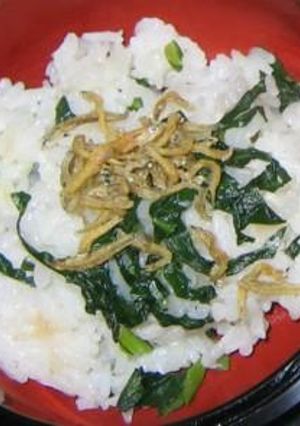 カリカリじゃこの青菜ご飯-レシピのメイン写真
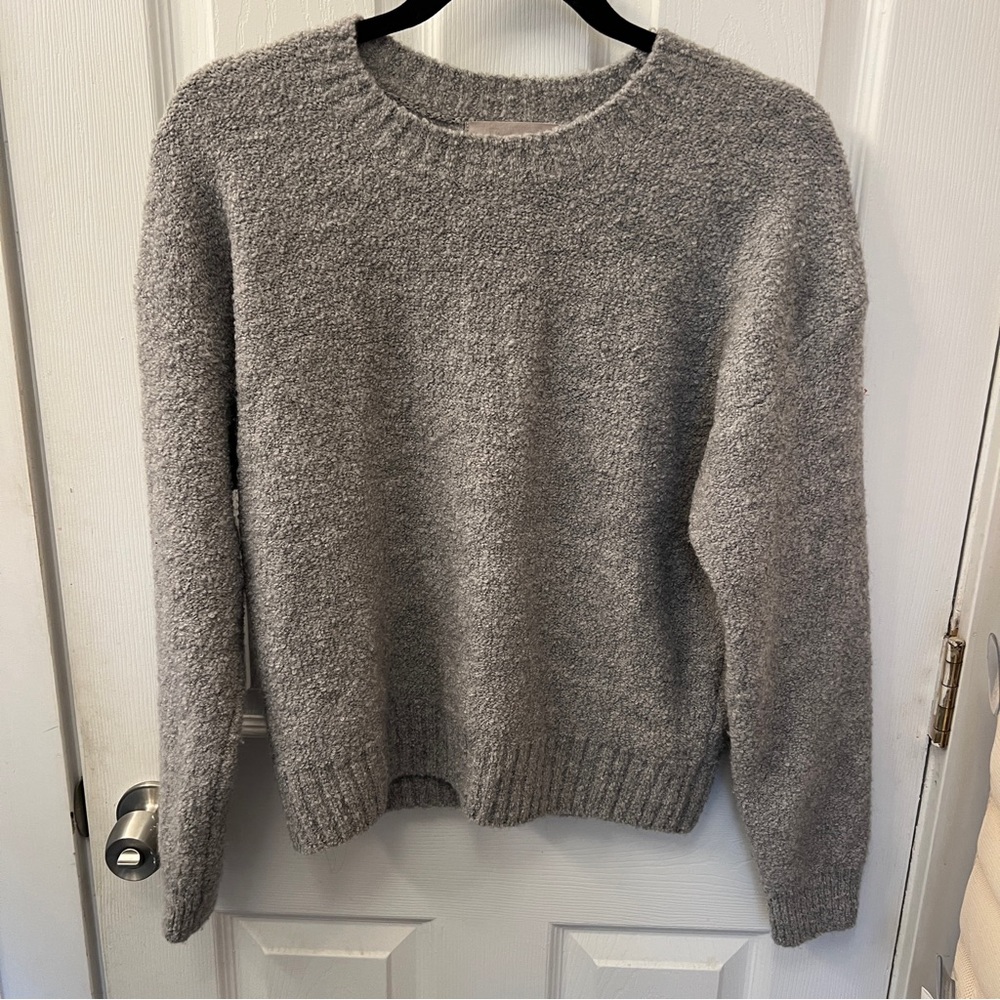 Everlane Cozy Grey Crewneck Sweater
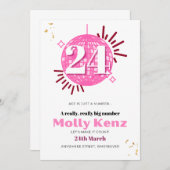 AgeはJust a Number Adult誕生日 招待状 (正面/裏面)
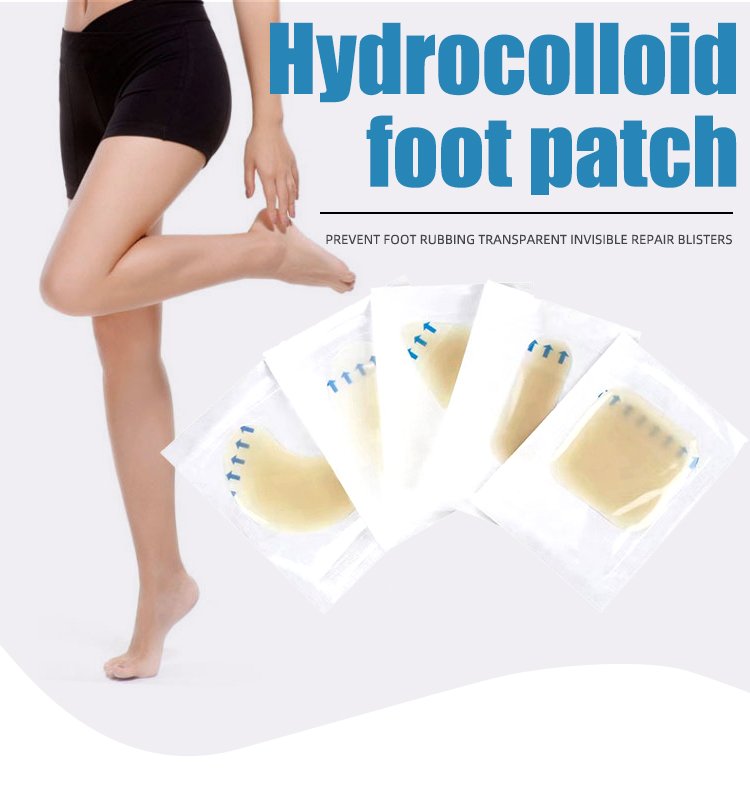 Hydrocolloid Heel Patch Wound Dressing Band-Aid Foot Female Anti-Friction Foot Blister Wear Protection Foot Patch Dressing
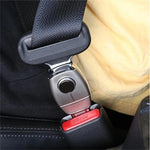 Seat Belt Extender Metal Adds Length Secure Locking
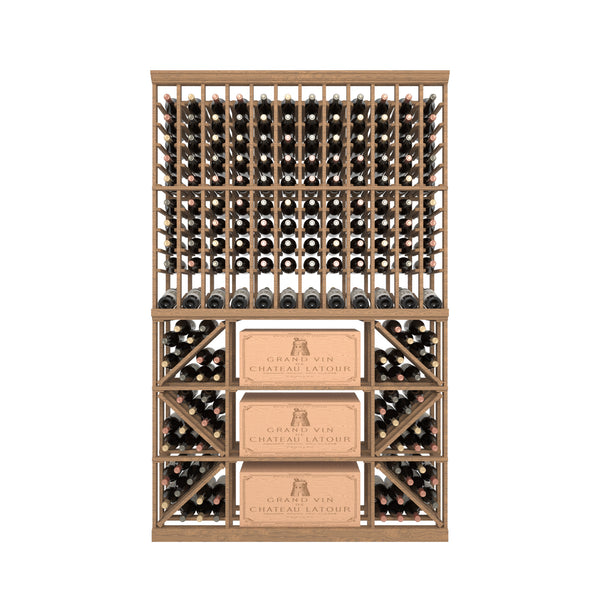 12 Column Rack & CASE + BIN with Display Row - 750ml Bottles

Exercise description: The lines from the one containing "AgeはJust a Number Adult誕生日 招待状 (正面/裏面)" to the end of the material must be output exactly, both ends included; no picture may appear.

Answer to this task:
 AgeはJust a Number Adult誕生日 招待状 (正面/裏面)
 Hydrocolloid Heel Patch Wound Dressing Band-Aid Foot Female Anti-Friction Foot Blister Wear Protection Foot Patch Dressing
 Seat Belt Extender Metal Adds Length Secure Locking
 12 Column Rack & CASE + BIN with Display Row - 750ml Bottles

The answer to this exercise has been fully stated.